I have an application that transfers 250 MB of data using a simple and fast neural network threshold function for data blocks (2 32-bit words in total). Based on the result of a (very simple) calculation, a piece is unpredictably inserted into one of 64 bins. So one big stream in and 64 shorter (variable length) flows.

This is repeated many times with various detection functions.

Calculation is limited by bandwidth. I can say this because there is no change in speed, even if I use the discriminant function, which is much more computationally intensive.

What is the best way to structure recording new threads to optimize memory bandwidth? I especially think that understanding cache usage and cache line size can play a big role in this. Imagine the worst case where I have 64 output streams and, unfortunately, many are mapped to the same cache line.

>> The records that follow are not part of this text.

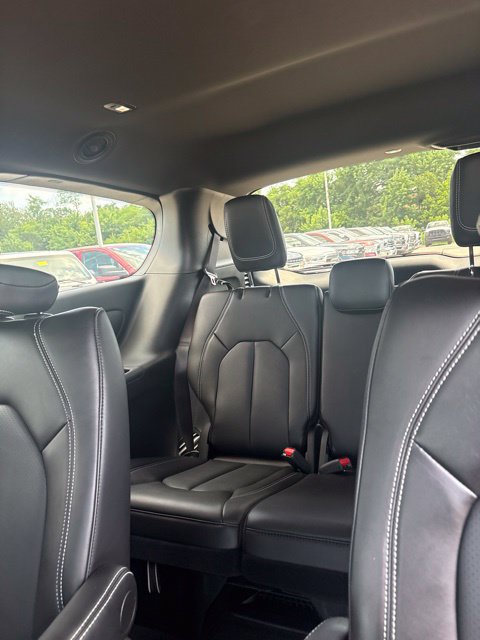 Used 2025 Chrysler Pacifica Select AWD/4WD image 15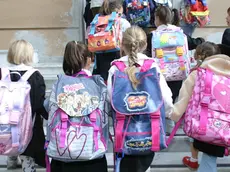 GENOVA 20030915 20030915 - GENOVA - CRO - SCUOLA: VACANZE FINITE - Un gruppo di scolari entra a scuola per il primo giorno di lezione, oggi a Genova. Torna a suonare la campanella per gli studenti italiani, il rientro in classe riguardera', tranne poche eccezioni, l'intera categoria. LUCA ZENNARO/ANSA/TO (LUCA ZENNARO/ ) Primo giorno di scuola in una scuola elementare Alunni delle elementari. Per loro novita' in vista Alunni delle elementari al rientro a scuola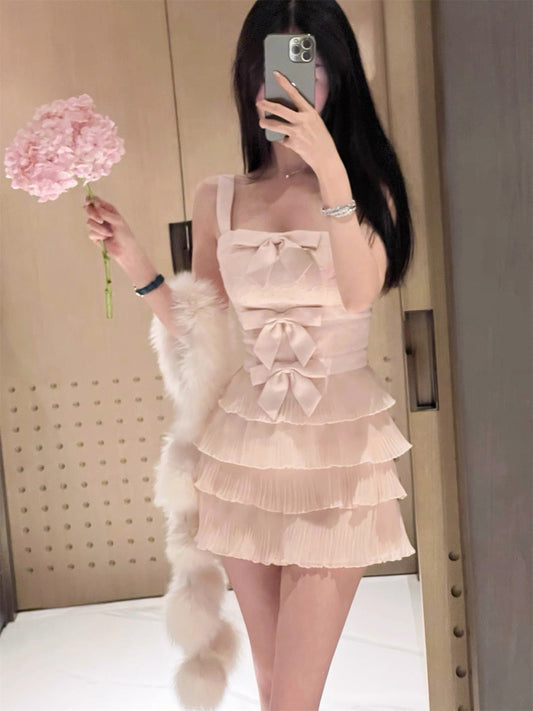 爱丽丝长款 蕾丝网纱连衣裙 Enchanted Alice Lace-Paneled Pleated Bow - Maxi Dress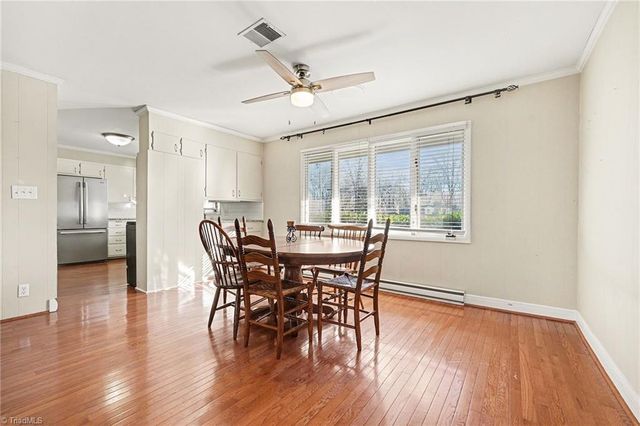 914 Oakcrest Drive, Reidsville, NC 27320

Then, when I write the next 64 bits of data to the stream, the CPU must pop the obsolete cache line into main memory and load it into the corresponding cache line. Each of them uses 64 bytes of bandwidth ... so a limited bandwidth application can spend 95% of the memory bandwidth (although in this hypothetical worst case).

It is difficult to even try to measure the effect, so the development of the paths around it is even more vague. Or am I even chasing a bottleneck in a ghost that is somehow optimizing the hardware better than I could?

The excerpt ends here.